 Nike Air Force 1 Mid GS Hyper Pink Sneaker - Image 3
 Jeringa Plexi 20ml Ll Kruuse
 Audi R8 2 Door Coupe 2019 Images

---

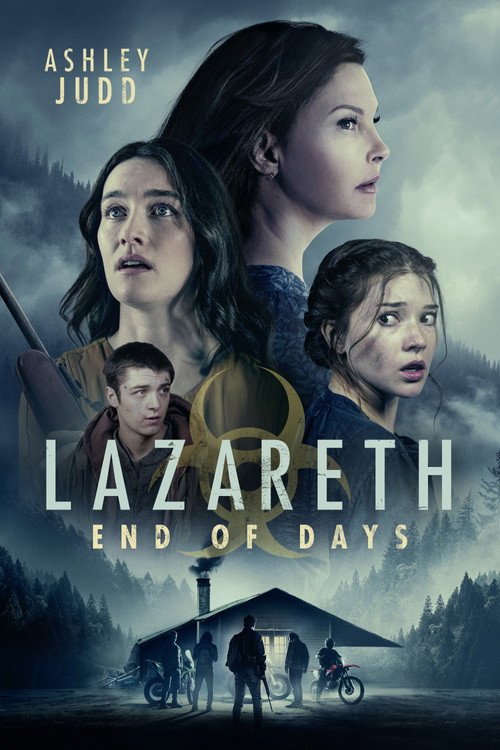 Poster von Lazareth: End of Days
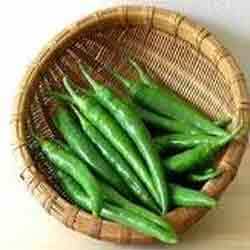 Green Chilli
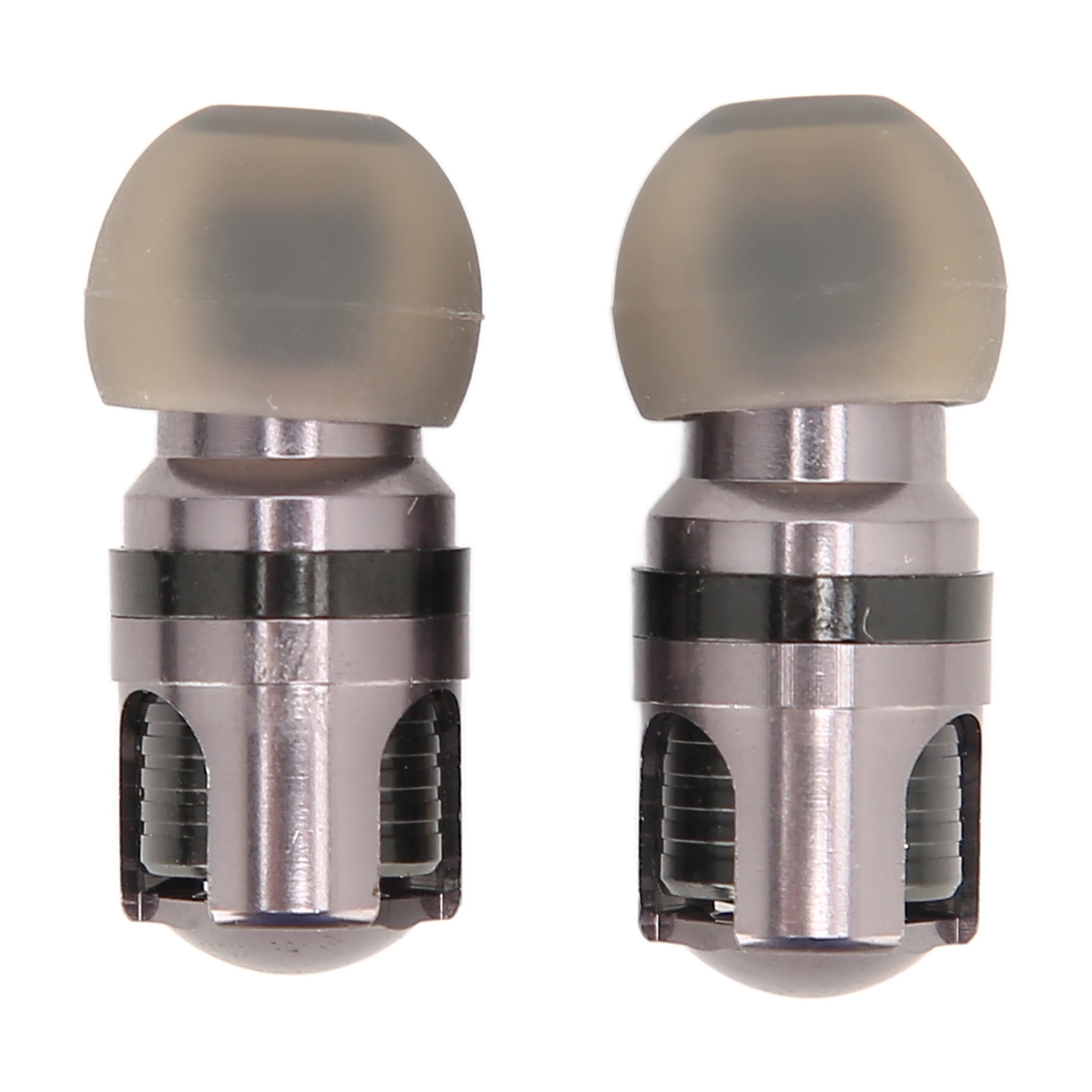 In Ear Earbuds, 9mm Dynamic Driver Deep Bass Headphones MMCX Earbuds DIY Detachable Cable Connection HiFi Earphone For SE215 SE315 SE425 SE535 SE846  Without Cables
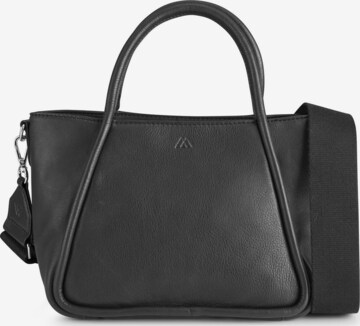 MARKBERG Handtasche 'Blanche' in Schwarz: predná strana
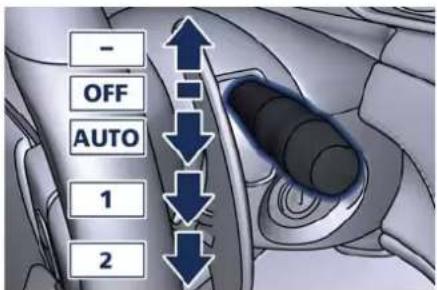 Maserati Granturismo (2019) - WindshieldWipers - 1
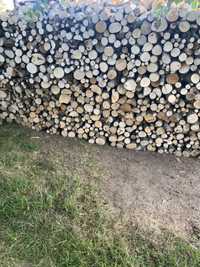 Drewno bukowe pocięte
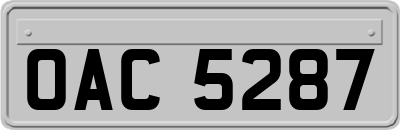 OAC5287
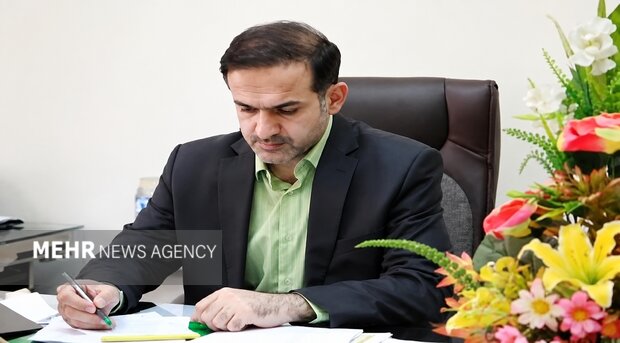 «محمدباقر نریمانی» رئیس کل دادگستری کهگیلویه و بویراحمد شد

- [Problem to solve] Give back, exactly as written, the stretch from the line with "Nike Air Force" through the line with "Audi R8 2 Door Coupe 2019 Images", and no other lines from the records above.

- [Final answer]
 Nike Air Force 1 Mid GS Hyper Pink Sneaker - Image 3
 Jeringa Plexi 20ml Ll Kruuse
 Audi R8 2 Door Coupe 2019 Images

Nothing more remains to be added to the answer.